Arriva il momento sentenzioso. Salgono sul palco i Micachu And The Shapes e con loro la presentazione ufficiale dell’album di debutto Jewellery, pubblicato da Rough Trade Records la scorsa primavera. L’ambito di riferimento è quello di un certo songwriting pop schizzato, territorialmente molto debitore della fucina sperimentale dell’East End e di quelle serate ‘scazzo-produttive’ che se sei in un club impercettibile dall’esterno e inizi a spaccare sul pavimento dell’interno anche solo un pezzo di legno e ci butti su qualche vocabolo magari, poi, arriva un pazzo alla Herbert e ti tira fuori un album geniale. La voce di Mica Levi è compulsiva e pienamente realizzata nei toni sgraziati, laddove l’attento sincronismo tra il batterista e la tastierista rimbalza alla perfezione e fa il resto. Portano sul palco quasi l’intero album. Un diamantino da quattordici pezzi (traccia nascosta compresa) che singolarmente e in media non superano quasi mai i due minuti e mezzo di ascolto. In apertura “Turn Me Well”, “Volture” e “Curly Teeth”, scivolano via talmente veloci che neppure ti accorgi che ti hanno già colpito e affondato con tre schegge. A metà strada arrivano i singoloni. “Lips”, “Just In Case” e “Golden Phone” afferrano, più degli altri brani, i presenti in sala, e diviene immediatamente evidente il perché di un Circolo moderatamente pieno data la presentazione di un primo album e per l’aggiunta quello di tre ventenni inglesi (che di questi tempi non lascerebbe sperare bene nonostante la garanzia dell’etichetta madre). Questo è un lavoro da raduno bandistico o da far circolare negli asili nido come forma di resistenza alle maestre, dato l’andamento ondivago e l’incalzante coazione di una sezione ritmica spedita e chiassosa. Un plauso speciale va a “Floor” e “Guts” che in un totale di tre minuti e settanta abbassano il tiro offrendo momenti di maggiore riflessività. “Sweetheart” in cinquantatre secondi, invece, ti schiaccia ti botto e “Eat Your Heart” ti rialza da terra a colpi di chitarra. “Wrong” è una filastrocca elettrica che singhiozza tra sincopi e piatti traballanti. “Ship” si avvale, invece, negli ‘ululati’ canori, della collaborazione dei Man Like Me, band londinese priva di senso e che dal vivo suona letteralmente demenziale (se potete evitateli accuratamente); come dire, non avrebbero potuto contribuire se non in altro modo.

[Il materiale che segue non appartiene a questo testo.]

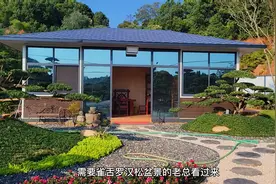 大型雀舌罗汉松盆景，叶子短针尖状，几十年的老桩，有临水飘视频封面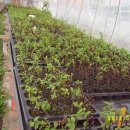 현재목장 이미지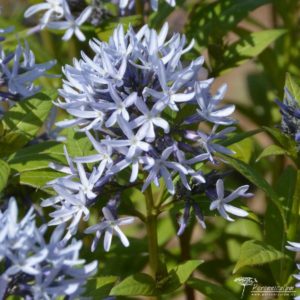 Amsonia tabernaemontana Short Stack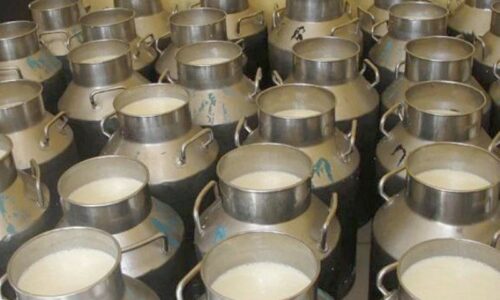  ७५ करोडभन्दा बढीको प्रशोधन गरिएका नौनी र धुलो दूध भण्डारणमा थन्कियो 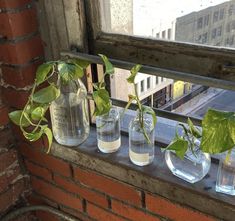 three vases with plants in them sitting on a window sill next to a brick wall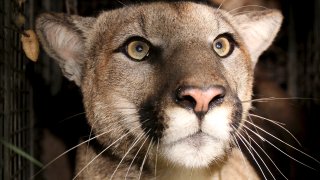 P81, first collared mountain lion to have reproductive and tail defects in Santa Monica Mountains.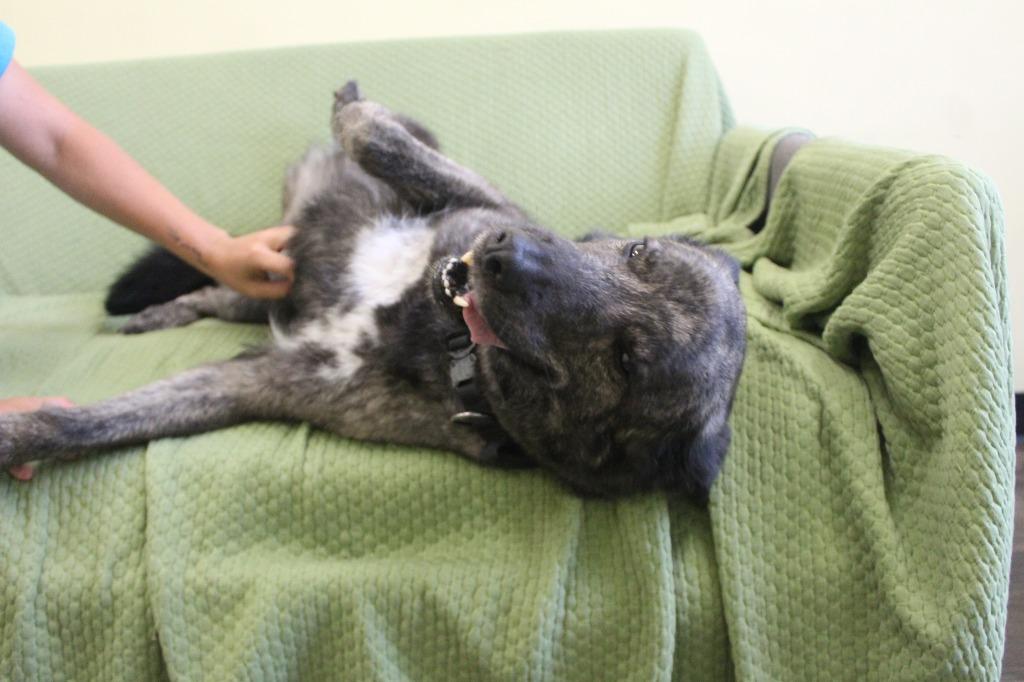 Emmie, a ADOPTABLE mixed breed in Chestertown, MD image 3/4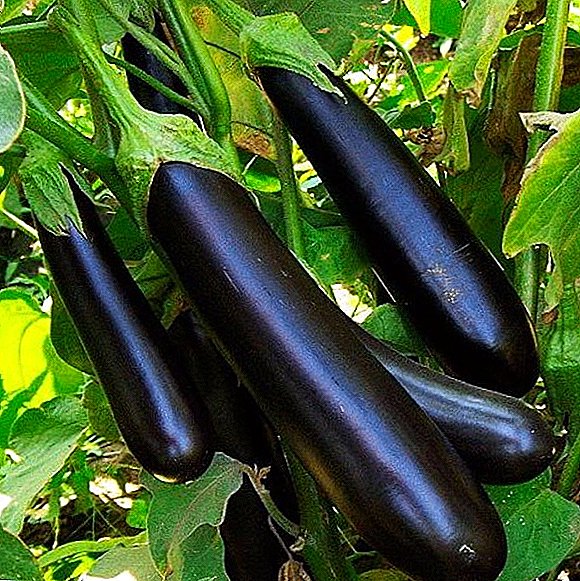 Yadda za a yi girma Clorinda F1 eggplants: tips on dasa da kula da wani shuka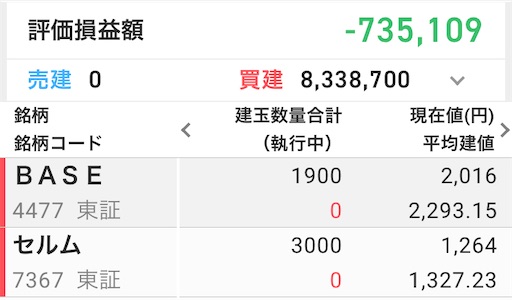 含み損70万円 追証 セルム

Il live merita più dell’intero album che nel complesso risulta fin troppo pulito, metti, anche, la preparazione da conservatorio dei tre tizi. Jewellery (candidatura al Mercury Prize a parte) va sicuramente annoverato fra gli album più ingegnosi e freschi di quest’ultimo miserabile anno. Buona la prima, da tenere d’occhio. Se il “genio diabolico” è solitamente colui che esprime demolendo il cliché con intelligenza, ironia e leggerezza, i Micachu And The Shapes, al momento, si posizionano, diabolicamente, all’estremo opposto del laborioso e troppo umano.